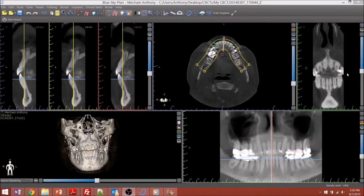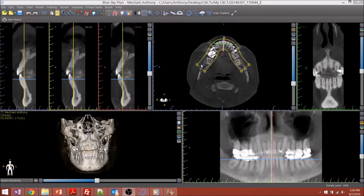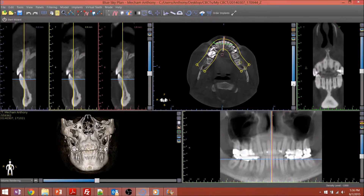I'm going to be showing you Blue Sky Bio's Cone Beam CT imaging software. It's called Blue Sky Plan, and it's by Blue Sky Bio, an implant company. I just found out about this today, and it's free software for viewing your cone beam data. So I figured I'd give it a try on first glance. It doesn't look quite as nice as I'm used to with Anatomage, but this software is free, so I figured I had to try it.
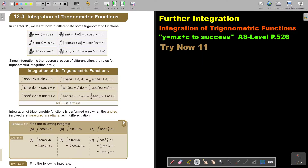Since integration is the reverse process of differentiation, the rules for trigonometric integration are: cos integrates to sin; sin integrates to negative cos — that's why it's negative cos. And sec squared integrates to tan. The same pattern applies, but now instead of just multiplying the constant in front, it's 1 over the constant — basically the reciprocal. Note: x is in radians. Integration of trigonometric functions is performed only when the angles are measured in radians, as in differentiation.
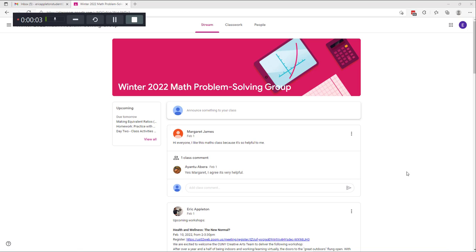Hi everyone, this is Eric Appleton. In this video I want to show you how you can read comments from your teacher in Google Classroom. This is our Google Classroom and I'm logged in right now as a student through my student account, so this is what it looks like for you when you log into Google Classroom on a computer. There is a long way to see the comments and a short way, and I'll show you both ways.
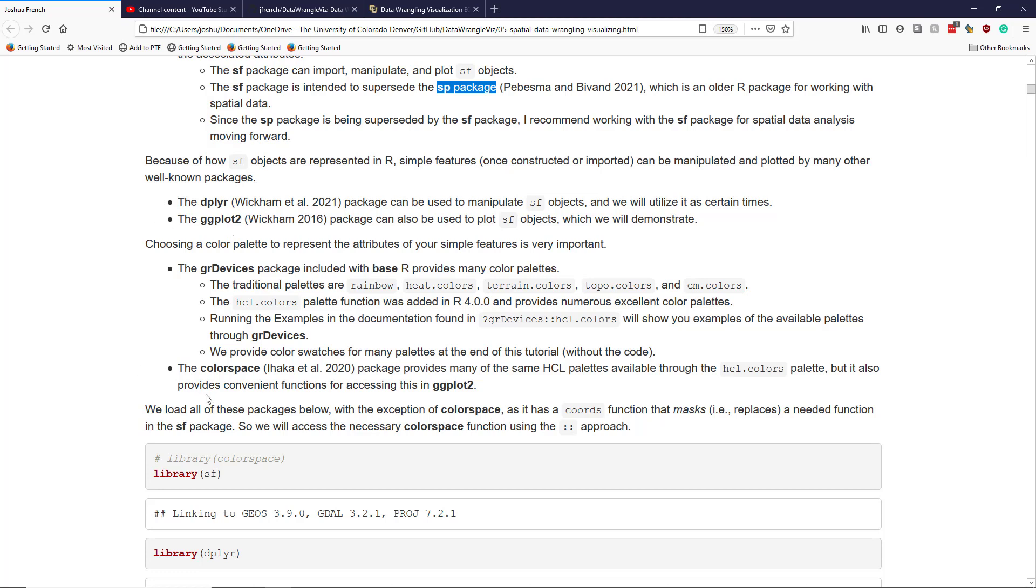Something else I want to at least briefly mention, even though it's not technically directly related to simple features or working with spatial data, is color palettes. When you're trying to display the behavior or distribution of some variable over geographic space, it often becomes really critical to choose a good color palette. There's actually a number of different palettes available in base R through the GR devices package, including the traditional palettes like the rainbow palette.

· · · · · · ·

# [What you need to do]
Your answer must be an exact copy of the listing, minus its pictures.

# [Written response]
I'm going to be showing you Blue Sky Bio's Cone Beam CT imaging software. It's called Blue Sky Plan, and it's by Blue Sky Bio, an implant company. I just found out about this today, and it's free software for viewing your cone beam data. So I figured I'd give it a try on first glance. It doesn't look quite as nice as I'm used to with Anatomage, but this software is free, so I figured I had to try it.
Since integration is the reverse process of differentiation, the rules for trigonometric integration are: cos integrates to sin; sin integrates to negative cos — that's why it's negative cos. And sec squared integrates to tan. The same pattern applies, but now instead of just multiplying the constant in front, it's 1 over the constant — basically the reciprocal. Note: x is in radians. Integration of trigonometric functions is performed only when the angles are measured in radians, as in differentiation.
Hi everyone, this is Eric Appleton. In this video I want to show you how you can read comments from your teacher in Google Classroom. This is our Google Classroom and I'm logged in right now as a student through my student account, so this is what it looks like for you when you log into Google Classroom on a computer. There is a long way to see the comments and a short way, and I'll show you both ways.
Something else I want to at least briefly mention, even though it's not technically directly related to simple features or working with spatial data, is color palettes. When you're trying to display the behavior or distribution of some variable over geographic space, it often becomes really critical to choose a good color palette. There's actually a number of different palettes available in base R through the GR devices package, including the traditional palettes like the rainbow palette.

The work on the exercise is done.